Election Prep and Equal-Weight Opportunity

Following a slump for U.S. stocks in September and a meager third-quarter return of just a third of a percent for the S&P 500, some investors may be leery of equities heading into October, a historically volatile month. However, it is worth remembering that 2014 is a mid-term election year, a catalyst that often serves stocks well in October.

“Historically during mid-term election years, the S&P 500 Index has its strongest monthly performance during October, rising on average 3.0% since World War II. Of course, past performance is not indicative of future results. Looking forward on a 12-month basis, S&P Capital IQ has Strong Buy or Buy recommendations on 182 of the S&P 500 Index constituents,” said S&P Capital IQ in a new research note. https://www.capitaliq.com/home.aspx

Also worth noting is that October can be an opportune time in which to embrace cyclical and higher beta sectors, such as consumer discretionary and technology, particularly later in the month. The Technology Select Sector SPDR (NYSEArca: XLK) and the Consumer Discretionary Select Sector SPDR (NYSEArca: XLY) are historically the top two sector SPDR ETFs in October.

Combine that with some pre-election ebullience, and the time could be right for investors to revisit the popular Guggenheim S&P 500 Equal Weight ETF (NYSEArca: RSP).

“Unlike the SPDR S&P 500 ETF (NYSEArca: SPY), that tracks the market-cap weighted S&P 500 Index, Guggenheim’s RSP takes an equal-weighted approach to following the well-known benchmark. As such, though the names inside RSP will match SPY, the security weightings and the sector weightings will be quite different,” according to S&P Capital IQ.

RSP’s largest sector weight is 16.8% to financial services, a group that is second-largest in the cap-weighted S&P. The Guggenheim offering is also overweight consumer discretionary with an allocation of 16.4%, which could prove useful if holiday shopping momentum picks up for that sector in late October as expected. [Retail ETFs Ready for Holiday Shopping]
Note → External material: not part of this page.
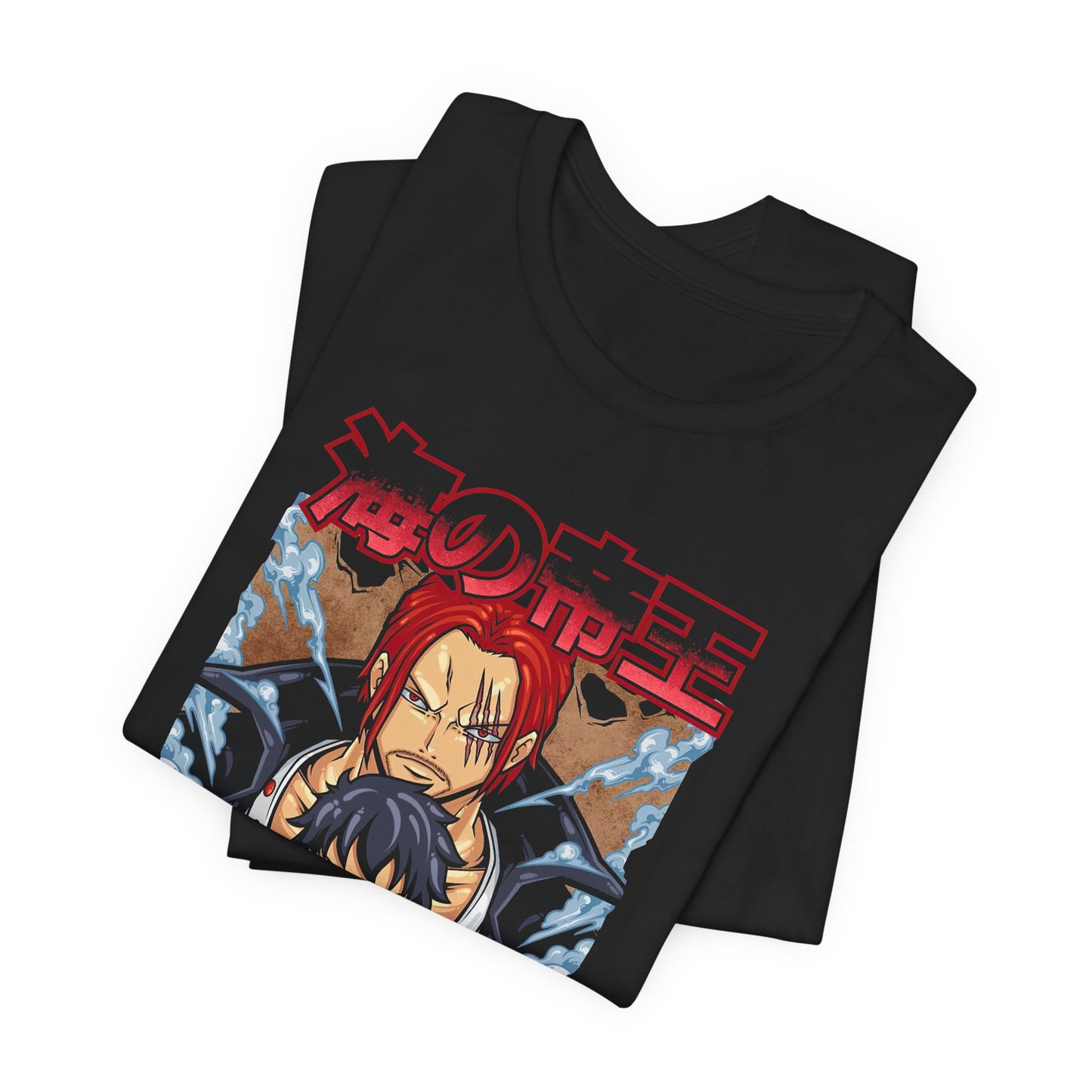 Anime Fans' Dream Collection – Premium Quality T-Shirts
“RSP is rebalanced on a quarterly basis, essentially trimming leading positions and adding to lagging positions. At 37%, such turnover is much higher than SPY’s 3% that holds larger stakes in better performers and only experiences turnover when a security is added/removed from the index. Such rebalancing also likely contributes to RSP’s higher 0.40% expense ratio,” said S&P Capital IQ.

The research firm has overweight ratings on both RSP and SPY.